**Task details:** Before anything else, copy every record below exactly as it stands.

Crawled caption data:

━━━━━━━━━━━━━━━━━━━━

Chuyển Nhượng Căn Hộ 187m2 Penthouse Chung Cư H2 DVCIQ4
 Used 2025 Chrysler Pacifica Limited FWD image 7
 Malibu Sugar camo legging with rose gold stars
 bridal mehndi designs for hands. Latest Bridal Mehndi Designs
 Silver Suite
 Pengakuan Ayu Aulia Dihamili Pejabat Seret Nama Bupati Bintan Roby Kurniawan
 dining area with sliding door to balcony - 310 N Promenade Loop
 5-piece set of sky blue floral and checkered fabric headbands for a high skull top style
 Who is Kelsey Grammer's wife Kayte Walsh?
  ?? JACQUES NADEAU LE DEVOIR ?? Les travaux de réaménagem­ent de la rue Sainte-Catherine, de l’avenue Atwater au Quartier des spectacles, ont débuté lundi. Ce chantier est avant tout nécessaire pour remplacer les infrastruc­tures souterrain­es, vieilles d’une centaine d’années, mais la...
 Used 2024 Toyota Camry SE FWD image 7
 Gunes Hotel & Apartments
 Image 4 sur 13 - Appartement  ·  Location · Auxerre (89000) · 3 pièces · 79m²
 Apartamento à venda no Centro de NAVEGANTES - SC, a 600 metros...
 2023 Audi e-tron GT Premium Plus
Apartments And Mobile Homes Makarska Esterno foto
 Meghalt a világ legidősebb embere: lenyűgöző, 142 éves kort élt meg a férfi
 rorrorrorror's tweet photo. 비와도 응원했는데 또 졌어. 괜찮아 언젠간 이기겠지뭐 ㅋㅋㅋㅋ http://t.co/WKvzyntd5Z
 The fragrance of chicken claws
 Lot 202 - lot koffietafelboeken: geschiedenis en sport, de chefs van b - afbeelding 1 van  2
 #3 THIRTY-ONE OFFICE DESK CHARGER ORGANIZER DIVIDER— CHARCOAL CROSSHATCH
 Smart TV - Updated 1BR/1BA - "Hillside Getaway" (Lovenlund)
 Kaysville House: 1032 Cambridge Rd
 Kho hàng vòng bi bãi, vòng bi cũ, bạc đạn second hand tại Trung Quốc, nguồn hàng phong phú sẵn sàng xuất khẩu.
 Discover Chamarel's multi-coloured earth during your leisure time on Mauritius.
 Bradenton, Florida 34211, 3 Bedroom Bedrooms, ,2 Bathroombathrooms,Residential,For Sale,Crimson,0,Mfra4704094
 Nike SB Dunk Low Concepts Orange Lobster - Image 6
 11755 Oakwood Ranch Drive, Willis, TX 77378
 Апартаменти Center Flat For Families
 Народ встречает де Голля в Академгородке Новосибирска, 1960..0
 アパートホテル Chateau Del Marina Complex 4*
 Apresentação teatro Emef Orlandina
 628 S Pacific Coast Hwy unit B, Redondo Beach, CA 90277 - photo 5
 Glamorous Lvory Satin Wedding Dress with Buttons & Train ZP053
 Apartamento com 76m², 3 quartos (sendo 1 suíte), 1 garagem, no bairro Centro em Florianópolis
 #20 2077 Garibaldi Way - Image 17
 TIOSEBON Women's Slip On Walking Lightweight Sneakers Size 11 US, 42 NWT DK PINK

━━━━━━━━━━━━━━━━━━━━

**Completed task:**
Chuyển Nhượng Căn Hộ 187m2 Penthouse Chung Cư H2 DVCIQ4
 Used 2025 Chrysler Pacifica Limited FWD image 7
 Malibu Sugar camo legging with rose gold stars
 bridal mehndi designs for hands. Latest Bridal Mehndi Designs
 Silver Suite
 Pengakuan Ayu Aulia Dihamili Pejabat Seret Nama Bupati Bintan Roby Kurniawan
 dining area with sliding door to balcony - 310 N Promenade Loop
 5-piece set of sky blue floral and checkered fabric headbands for a high skull top style
 Who is Kelsey Grammer's wife Kayte Walsh?
  ?? JACQUES NADEAU LE DEVOIR ?? Les travaux de réaménagem­ent de la rue Sainte-Catherine, de l’avenue Atwater au Quartier des spectacles, ont débuté lundi. Ce chantier est avant tout nécessaire pour remplacer les infrastruc­tures souterrain­es, vieilles d’une centaine d’années, mais la...
 Used 2024 Toyota Camry SE FWD image 7
 Gunes Hotel & Apartments
 Image 4 sur 13 - Appartement  ·  Location · Auxerre (89000) · 3 pièces · 79m²
 Apartamento à venda no Centro de NAVEGANTES - SC, a 600 metros...
 2023 Audi e-tron GT Premium Plus
Apartments And Mobile Homes Makarska Esterno foto
 Meghalt a világ legidősebb embere: lenyűgöző, 142 éves kort élt meg a férfi
 rorrorrorror's tweet photo. 비와도 응원했는데 또 졌어. 괜찮아 언젠간 이기겠지뭐 ㅋㅋㅋㅋ http://t.co/WKvzyntd5Z
 The fragrance of chicken claws
 Lot 202 - lot koffietafelboeken: geschiedenis en sport, de chefs van b - afbeelding 1 van  2
 #3 THIRTY-ONE OFFICE DESK CHARGER ORGANIZER DIVIDER— CHARCOAL CROSSHATCH
 Smart TV - Updated 1BR/1BA - "Hillside Getaway" (Lovenlund)
 Kaysville House: 1032 Cambridge Rd
 Kho hàng vòng bi bãi, vòng bi cũ, bạc đạn second hand tại Trung Quốc, nguồn hàng phong phú sẵn sàng xuất khẩu.
 Discover Chamarel's multi-coloured earth during your leisure time on Mauritius.
 Bradenton, Florida 34211, 3 Bedroom Bedrooms, ,2 Bathroombathrooms,Residential,For Sale,Crimson,0,Mfra4704094
 Nike SB Dunk Low Concepts Orange Lobster - Image 6
 11755 Oakwood Ranch Drive, Willis, TX 77378
 Апартаменти Center Flat For Families
 Народ встречает де Голля в Академгородке Новосибирска, 1960..0
 アパートホテル Chateau Del Marina Complex 4*
 Apresentação teatro Emef Orlandina
 628 S Pacific Coast Hwy unit B, Redondo Beach, CA 90277 - photo 5
 Glamorous Lvory Satin Wedding Dress with Buttons & Train ZP053
 Apartamento com 76m², 3 quartos (sendo 1 suíte), 1 garagem, no bairro Centro em Florianópolis
 #20 2077 Garibaldi Way - Image 17
 TIOSEBON Women's Slip On Walking Lightweight Sneakers Size 11 US, 42 NWT DK PINK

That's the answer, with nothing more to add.